There are other limits worth naming honestly. The follow-up ran only four weeks, so we have no idea whether the benefit holds, fades, or grows over months. The participants were specifically chosen for high inflammation, which means the findings cannot be stretched to depression in general. Most depressed people do not have raised C-reactive protein, and there is no reason to think an anti-inflammatory drug would help them. Tocilizumab is also a serious medication with real side-effect risks, including a dampened immune response, which is not a trivial trade-off for a four-week mood study.

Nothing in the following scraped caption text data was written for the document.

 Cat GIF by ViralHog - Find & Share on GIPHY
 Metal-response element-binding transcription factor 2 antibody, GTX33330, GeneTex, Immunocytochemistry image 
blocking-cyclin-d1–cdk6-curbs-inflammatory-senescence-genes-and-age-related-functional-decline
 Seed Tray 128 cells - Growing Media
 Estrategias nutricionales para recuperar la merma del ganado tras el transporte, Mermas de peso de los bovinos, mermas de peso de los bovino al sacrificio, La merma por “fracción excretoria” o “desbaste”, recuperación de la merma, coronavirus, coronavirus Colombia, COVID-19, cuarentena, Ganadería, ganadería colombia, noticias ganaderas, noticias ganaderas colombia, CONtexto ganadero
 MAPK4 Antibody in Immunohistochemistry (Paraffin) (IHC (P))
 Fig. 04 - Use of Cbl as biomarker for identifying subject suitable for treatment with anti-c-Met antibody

A proof-of-concept trial is meant to answer one narrow question: is this idea worth pursuing with bigger, more expensive studies? On that score, the answer looks like yes. It is not a green light for prescribing, and it should not be read as one.

Why it still matters

What makes this work interesting is less the drug itself than what it suggests about matching treatment to biology. For years, depression care has largely been trial and error, cycling through medications until something sticks. A blood test that flags inflammation, paired with a treatment aimed at that specific mechanism, hints at a more targeted approach for a subset of patients who currently have few good options. The same logic of biology-first targeting is emerging in other areas too — a separate proof-of-concept study recently tested whether ketamine can relieve chronic fatigue, with comparably mixed but intriguing early results.

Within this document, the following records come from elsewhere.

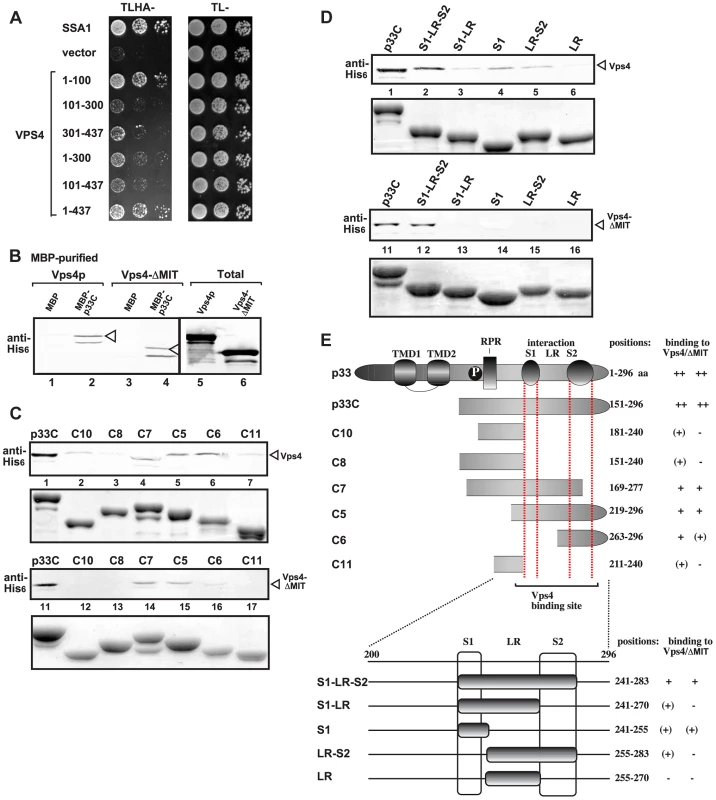 Interaction between Vps4p and the tombusvirus p33 replication protein.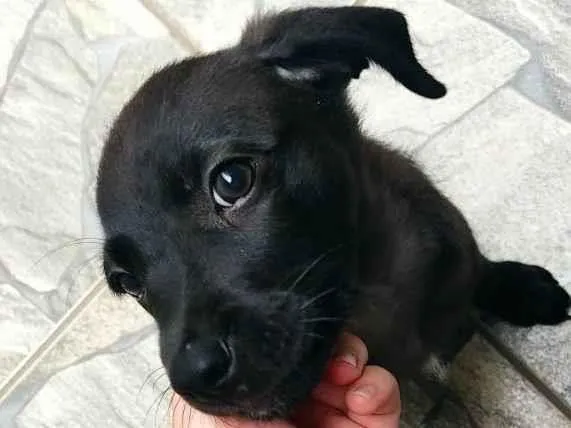 Cachorro ra a SRD-ViraLata idade 2 a 6 meses nome Pantera 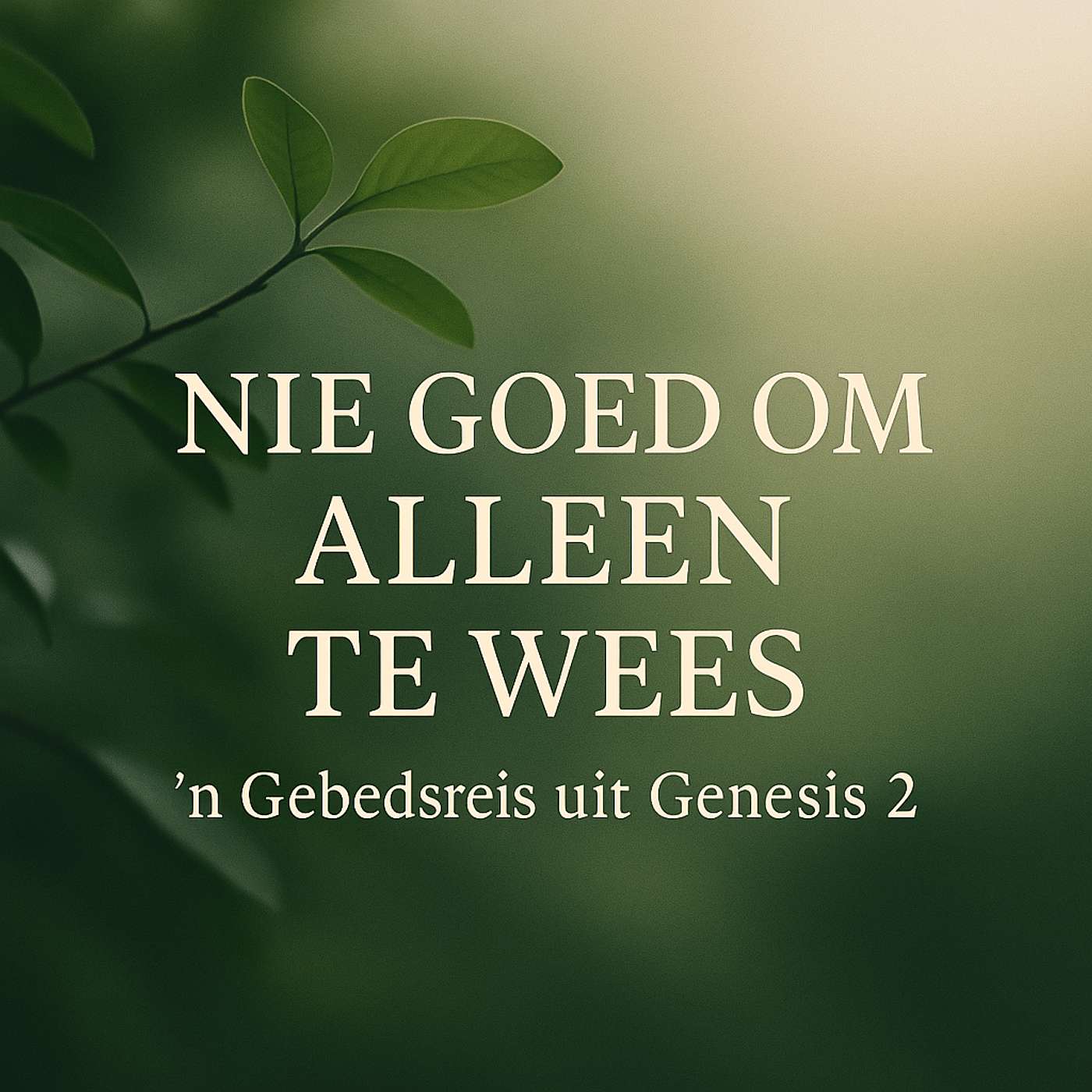 Nie Goed Om Alleen Te Wees Nie – ’n Gebedsreis uit Genesis 2 episode artwork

That vision is still a long way off. Larger trials need to confirm the effect, sort out who actually benefits, and weigh the risks against gentler alternatives. But the study adds a solid data point to a question that has hovered around psychiatry for a while now. Could inflammation be one of the things keeping certain people stuck? For at least some patients, the immune system may deserve a closer look than the standard chemical-imbalance framing has given it. Inflammation is not the only dietary or metabolic suspect in mood research either — recent work has explored whether poorly absorbed fructose might be driving anxiety through a similar gut-to-brain inflammatory route. For more emerging research on mental health biology, the evidence base is shifting fast.

Sources

1. Foley, É. M., Turner, N., Margelyte, R., Jones, H. J., Kaser, M., Lewis, G., Jones, P. B., & Khandaker, G. M. (2026). Interleukin 6 as a Treatment Target for Depression: A Proof-of-Concept Randomized Clinical Trial. JAMA Psychiatry. https://doi.org/10.1001/jamapsychiatry.2026.1053
2. University of Bristol. (2026, May 27). Pilot trial suggests anti-inflammatory drug could help difficult-to-treat depression. https://www.bristol.ac.uk/news/2026/may/pilot-trial-suggests-anti.html

This article summarizes published research for general informational purposes only. It is not medical advice and should not be used to guide treatment decisions. Speak with a qualified healthcare professional about any health concern.